You know what sucks? I gave up most “white” foods years ago because of the sugar (diabetes runs in my family). So I’ve been eating those goddamn whole-wheat English muffins for, what, 10 years now, and it’s done me no good whatsoever. Sure, I don’t have diabetes, but hell, at least every now and then diabetics can have a slice of white bread.

Oh, shit, pasta. I’m going to gave to give up pasta. Listen, that’s not exactly a Dutch name up on my byline, there. One of the best memories of my grandmother is making macaroni with her — cutting them on her hand-cranked machine and letting them dry all over the house. It’s safe to assume there was gluten everywhere, from the distinctively Italian wrought-iron wall by the stairs to the crushed-gold velvet striped wallpaper. This is like watching my childhood die.

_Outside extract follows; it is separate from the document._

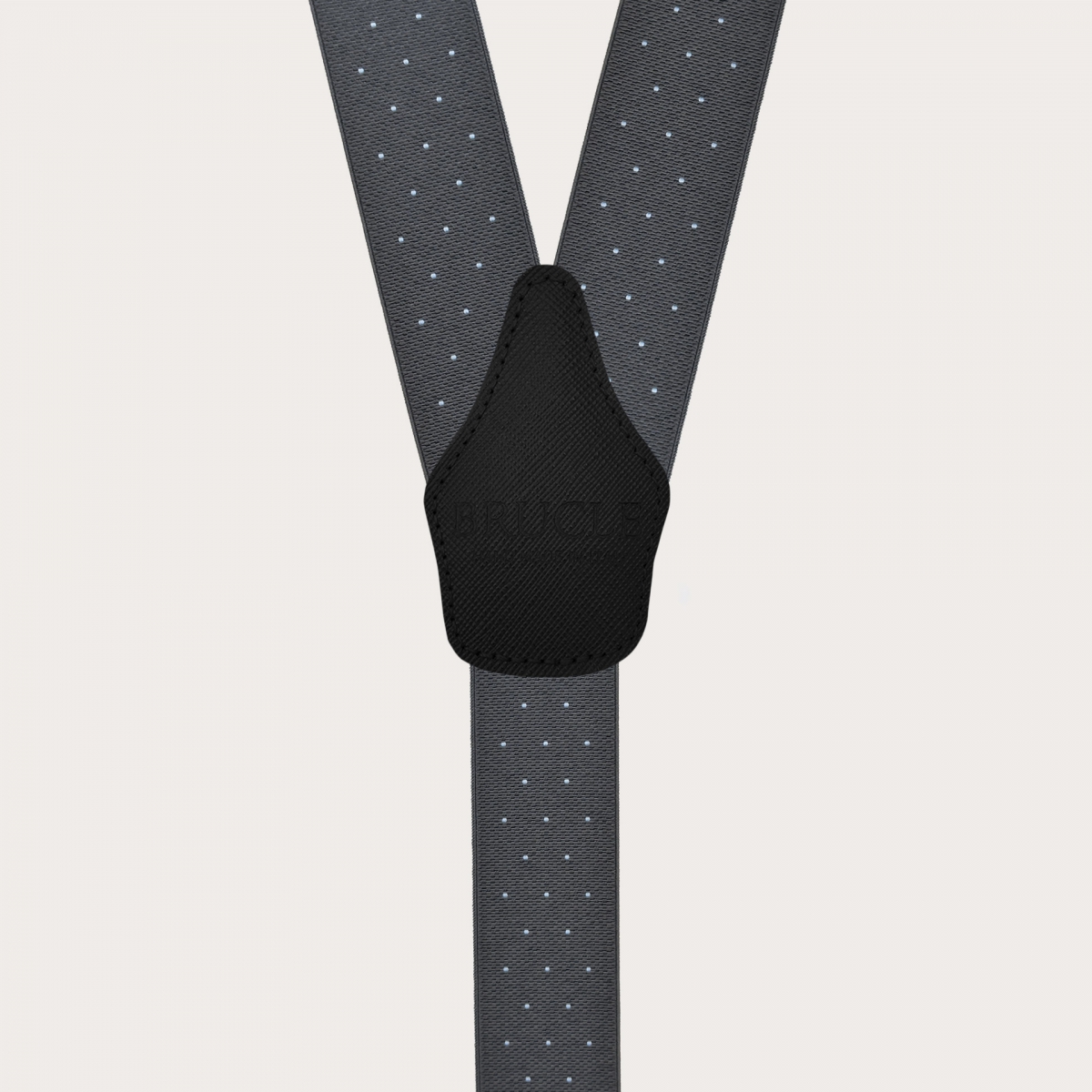 Grey polka-dot suspenders with dual-use buttons and nickel-free clips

Although I have a few days before I meet with Dr. Gorgeous (whose PA has asked me not to ask Dr. Google about my condition) and a week before I’ll have a session with a dietitian, I can’t wait that long. I’ve decided that I’ll quit gluten New Year’s Day, so I want to be prepared. I head over to Facebook — after all, that’s not Google and the PA didn’t say anything about social media, right? — and start seeking out celiac groups. Taking a deep breath, I post in one, explaining that I’m a recent diagnosis who previously viewed the GF movement with disdain. But now, in a turn of karma so severe 2,000 years from now Buddhists will meditate about me, I need advice.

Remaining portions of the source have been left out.